Last weekend, I did it – that “C” word most black girls tremble at the sound of: The Big Chop. I cut my hair and began my journey back to happier, healthier hair. Ever since, I’ve received the most discouraging looks from people in my heavily Caucasian populated neighbourhood and others in the workplace. Fair enough, it was a drastic change from Becky with the ‘good hair’ to Bon Qui Qui with the big mouth, but damn! Although at times, I was not directly facing anyone, I could still feel them gazing my way for far too long. I was beginning to think that I had something ridiculously offensive written on my forehead or perhaps a “kick me” sign taped to the back of my polar neck. Yet still, I can, with good grace, say that this transition was one of the best decisions I have made in a while. It does have its benefits; for example, my fro provides great cushion for those unbearably boring days in the office when I need to take a power nap on my desk in the middle of the work day (weave 0-1 natural hair).

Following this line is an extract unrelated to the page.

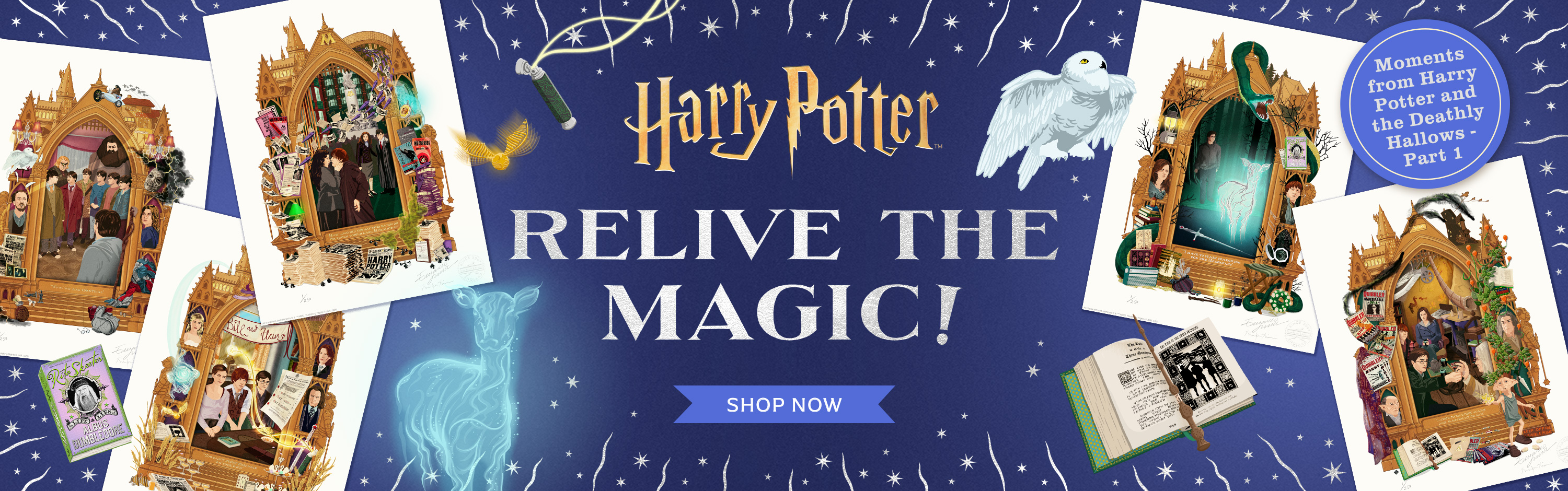 Are you feeling lucky? Shop Harry Potter and Fantastic Beasts Lucky Dips bundles now.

Yesterday, I was called into my superior’s office and was told that I should “consider putting my extensions back in” because my GOD GIVEN hair is apparently “unprofessional in a work environment”. Because it’s not at all unsavory for people assume that the hair upon any and every black woman’s head which doesn’t resemble a sponge microphone cover, must be store bought, right? How hilarious…. The hair that GROWS OUT OF MY OWN HEAD, is “unprofessional.” The notion that black hair, minus the European-style appearance, is improper is not only ridiculous but discriminatory. Why did he stop there? He may as well have asked me to bleach my skin so I can assimilate around the office. “You seem different lately… Troubled. Is everything alright at home? Financially?” Amazing. Those words came straight from the horse’s mouth. Because by his logic, an afro is a symbol of distress it appears… It’s the equivalent of throwing up the Bat Signal to locate all other radical black feminists – a cry for help. Right? Wrong. I don’t grasp why he fails to understand that wearing my hair in it’s natural form is not a rebellious statement or a sign of me joining some sort of counterculture. It’s just me. Hannah Stephens.

In all my time at HappyHour, I had never felt so offended…. And I’ve taken my fair share of offense. I can understand that going natural would seem a bold move. And I knew it would draw attention to me, forcing me out of my wallflower customs. Though, what I didn’t expect, was for my employer to order me to straighten my hair or “try and pull it back into a ponytail or bun,” because it was “distracting” and a “violation” of what is expected from employees. What a damn shame.

As you’ve probably guessed, I quit my job. And as sad as that is, at least my hair has grown 1.5inches. I suppose that’s something… Right?